È diffusa la convinzione che sia necessario ripensare la concezione della Chiesa a partire dai dati certi e elementari della fede oggi e che si debba ridisegnare un’ecclesiologia istituzionale coerente. Sembra opportuno un ripensamento tanto fedele alla Tradizione quanto libero e creativo. Insistere a ritenere adeguato per la comprensione della chiesa lo schema centro/periferia pone ormai al di fuori della realtà e costituisce un ostacolo alla realizzazione della comunione.
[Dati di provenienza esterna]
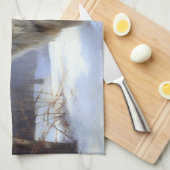 Grote Pyreneeën Laat het sneeuwen Kerstmis Theedoek (Quarter Fold)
Troppo frequentemente l’esasperazione di un’ecclesiologia insensibile sia alla centralità della comunità eucaristica che alle identità culturali delle diverse aree, insiste a esaltare il modello del “capo”. Ne è frequentemente conseguito l’azzeramento - o quasi - dello spazio e del riferimento all’azione dello Spirito santo, nonchè la marginalizzazione del popolo fedele. Sembra necessario riconoscere che la ricerca - pure legittima - della certezza e della stabilità nelle strutture della chiesa e nella sua vita concreta esige di essere composta con delicato discernimento col riconoscimento dell’imprevedibile soffio dello Spirito e con la correlativa dinamica dei carismi e, pertanto, richiede nuovi paradigmi.

La chiesa, nella misura in cui si vuole sintetizzata nel vertice di un’immaginaria struttura piramidale, derivata da una obsoleta geometria sociale, rischia di sostituirsi all’unico Signore e allo Spirito. Il modo stesso di intendere la fede risulta profondamente influenzato dall’eclissi della pneumatologia, mettendo in primo piano piuttosto l’adesione passiva del fedele alle strutture ecclesiastiche e alle formulazioni delle sue autorità, che la generosa corrispondenza di tutti al dono divino.

La faticosa e insoddisfacente ricezione del Vaticano II ha mostrato che sono in gioco essenzialmente le potenzialità del vigore profondo del Concilio, della sua dynamis, di coinvolgere la comunità ecclesiale. Ci si rende, cioè, sempre più conto che la novità più significativa del Vaticano II non è costituita dalle sue formulazioni, ma piuttosto dal fatto stesso di essere stato convocato e celebrato. È cioè in gioco la capacità del cristianesimo post-conciliare di discernere quella forza, separando la sostanza viva dagli accidenti morti o comunque privi di vitalità e pertanto ingombranti e distraenti. Non è un discernimento facile nè rapido e, soprattutto, è un discernimento esigente, che implica disponibilità e impegno alla conversione e alla ricerca.

Se le esperienze cristiane del passato condizionano innegabilmente il futuro col peso delle loro realizzazioni e dei loro errori, lo liberano anche. Infatti esse testimoniano della parzialità e perciò della inadeguatezza di ogni esperienza, per convincente che sia, rispetto alla globalità del mistero della Rivelazione e alla ricchezza poliedrica dell’Evangelo. In particolare, vista nell’arco di due millenni l’esperienza cristiana della sinodalità mostra un’alternanza di sistole e diastole, cioè di dilatazioni e di contrazioni. Questa consapevolezza consente di recuperare intatta la fiducia nella forza generante della fede cristiana all’interno di qualsiasi condizione umana e nella legittimità della ricerca di assetti nuovi.